Only one range belongs in the answer: the line holding "this 640×480 image." through the last line of the records, reproduced as is.
START Data for analysis
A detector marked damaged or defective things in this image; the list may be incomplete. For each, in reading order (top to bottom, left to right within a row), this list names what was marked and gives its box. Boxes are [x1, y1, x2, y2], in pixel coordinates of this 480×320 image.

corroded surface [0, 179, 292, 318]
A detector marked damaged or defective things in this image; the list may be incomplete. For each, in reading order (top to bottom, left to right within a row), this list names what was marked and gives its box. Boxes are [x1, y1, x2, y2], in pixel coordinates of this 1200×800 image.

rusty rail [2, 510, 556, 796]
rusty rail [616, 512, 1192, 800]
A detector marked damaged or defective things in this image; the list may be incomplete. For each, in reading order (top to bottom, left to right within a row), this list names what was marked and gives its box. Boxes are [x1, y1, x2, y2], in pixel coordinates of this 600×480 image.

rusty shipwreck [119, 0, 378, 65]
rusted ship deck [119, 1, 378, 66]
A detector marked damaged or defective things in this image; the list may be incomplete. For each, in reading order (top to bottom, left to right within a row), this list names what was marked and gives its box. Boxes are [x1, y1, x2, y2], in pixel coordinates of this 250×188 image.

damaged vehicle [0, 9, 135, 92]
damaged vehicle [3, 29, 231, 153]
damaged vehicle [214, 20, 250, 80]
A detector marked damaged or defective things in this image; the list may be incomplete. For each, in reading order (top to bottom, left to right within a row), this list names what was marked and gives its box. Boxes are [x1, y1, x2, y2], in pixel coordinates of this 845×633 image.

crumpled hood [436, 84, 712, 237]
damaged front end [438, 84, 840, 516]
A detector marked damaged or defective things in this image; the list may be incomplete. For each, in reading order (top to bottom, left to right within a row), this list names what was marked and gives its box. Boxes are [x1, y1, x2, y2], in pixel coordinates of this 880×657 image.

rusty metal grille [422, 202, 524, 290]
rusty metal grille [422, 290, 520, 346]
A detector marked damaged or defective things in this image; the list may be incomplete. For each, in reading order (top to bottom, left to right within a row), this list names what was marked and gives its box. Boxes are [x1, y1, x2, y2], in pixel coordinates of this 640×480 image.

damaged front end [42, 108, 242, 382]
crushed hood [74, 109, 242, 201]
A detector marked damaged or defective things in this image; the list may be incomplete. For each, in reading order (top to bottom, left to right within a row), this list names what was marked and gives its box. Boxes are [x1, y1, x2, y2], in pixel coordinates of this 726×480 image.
END Data for analysis
→ **Answer to the exercise**:
A detector marked damaged or defective things in this image; the list may be incomplete. For each, in reading order (top to bottom, left to right within a row), this list names what was marked and gives its box. Boxes are [x1, y1, x2, y2], in pixel coordinates of this 640×480 image.

damaged front end [42, 108, 242, 382]
crushed hood [74, 109, 242, 201]
A detector marked damaged or defective things in this image; the list may be incomplete. For each, in reading order (top to bottom, left to right within a row), this list names what was marked and gives its box. Boxes are [x1, y1, x2, y2], in pixel coordinates of this 726×480 image.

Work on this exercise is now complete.